Given records:
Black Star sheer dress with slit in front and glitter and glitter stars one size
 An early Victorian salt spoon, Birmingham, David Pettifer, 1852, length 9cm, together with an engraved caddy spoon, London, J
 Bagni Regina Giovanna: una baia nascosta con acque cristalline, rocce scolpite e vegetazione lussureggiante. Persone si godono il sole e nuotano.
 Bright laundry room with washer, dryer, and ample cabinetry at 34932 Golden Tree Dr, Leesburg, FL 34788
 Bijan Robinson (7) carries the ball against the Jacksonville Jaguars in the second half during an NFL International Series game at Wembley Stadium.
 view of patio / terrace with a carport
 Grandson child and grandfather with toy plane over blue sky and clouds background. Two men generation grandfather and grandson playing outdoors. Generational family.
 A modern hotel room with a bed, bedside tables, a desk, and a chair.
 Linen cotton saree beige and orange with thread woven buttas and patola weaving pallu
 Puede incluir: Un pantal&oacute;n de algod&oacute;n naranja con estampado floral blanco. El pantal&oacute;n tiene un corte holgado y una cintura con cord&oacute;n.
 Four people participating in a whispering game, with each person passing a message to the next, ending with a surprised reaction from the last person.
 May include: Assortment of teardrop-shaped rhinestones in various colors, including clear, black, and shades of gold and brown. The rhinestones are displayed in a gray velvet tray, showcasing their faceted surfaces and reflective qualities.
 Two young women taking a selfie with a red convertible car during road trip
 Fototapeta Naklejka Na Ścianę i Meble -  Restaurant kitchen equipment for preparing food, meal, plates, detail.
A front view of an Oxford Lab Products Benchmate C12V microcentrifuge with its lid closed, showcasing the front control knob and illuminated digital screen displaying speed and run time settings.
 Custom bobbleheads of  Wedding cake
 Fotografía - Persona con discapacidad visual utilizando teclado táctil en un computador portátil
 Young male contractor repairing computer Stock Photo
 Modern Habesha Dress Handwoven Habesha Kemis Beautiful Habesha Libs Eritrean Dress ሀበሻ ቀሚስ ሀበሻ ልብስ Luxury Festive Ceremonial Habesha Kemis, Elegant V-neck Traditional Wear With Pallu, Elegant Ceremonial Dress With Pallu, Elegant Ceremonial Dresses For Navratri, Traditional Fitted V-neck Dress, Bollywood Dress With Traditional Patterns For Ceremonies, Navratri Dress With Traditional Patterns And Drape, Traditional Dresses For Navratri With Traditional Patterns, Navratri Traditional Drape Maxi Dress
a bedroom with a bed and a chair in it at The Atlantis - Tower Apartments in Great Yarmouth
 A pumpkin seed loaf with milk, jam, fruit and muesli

What is required: After locating the line with "Bright laundry room" in the material above, return it and each line after it exactly, ending at the line with "May include: Assortment".

Answer to this exercise:
 Bright laundry room with washer, dryer, and ample cabinetry at 34932 Golden Tree Dr, Leesburg, FL 34788
 Bijan Robinson (7) carries the ball against the Jacksonville Jaguars in the second half during an NFL International Series game at Wembley Stadium.
 view of patio / terrace with a carport
 Grandson child and grandfather with toy plane over blue sky and clouds background. Two men generation grandfather and grandson playing outdoors. Generational family.
 A modern hotel room with a bed, bedside tables, a desk, and a chair.
 Linen cotton saree beige and orange with thread woven buttas and patola weaving pallu
 Puede incluir: Un pantal&oacute;n de algod&oacute;n naranja con estampado floral blanco. El pantal&oacute;n tiene un corte holgado y una cintura con cord&oacute;n.
 Four people participating in a whispering game, with each person passing a message to the next, ending with a surprised reaction from the last person.
 May include: Assortment of teardrop-shaped rhinestones in various colors, including clear, black, and shades of gold and brown. The rhinestones are displayed in a gray velvet tray, showcasing their faceted surfaces and reflective qualities.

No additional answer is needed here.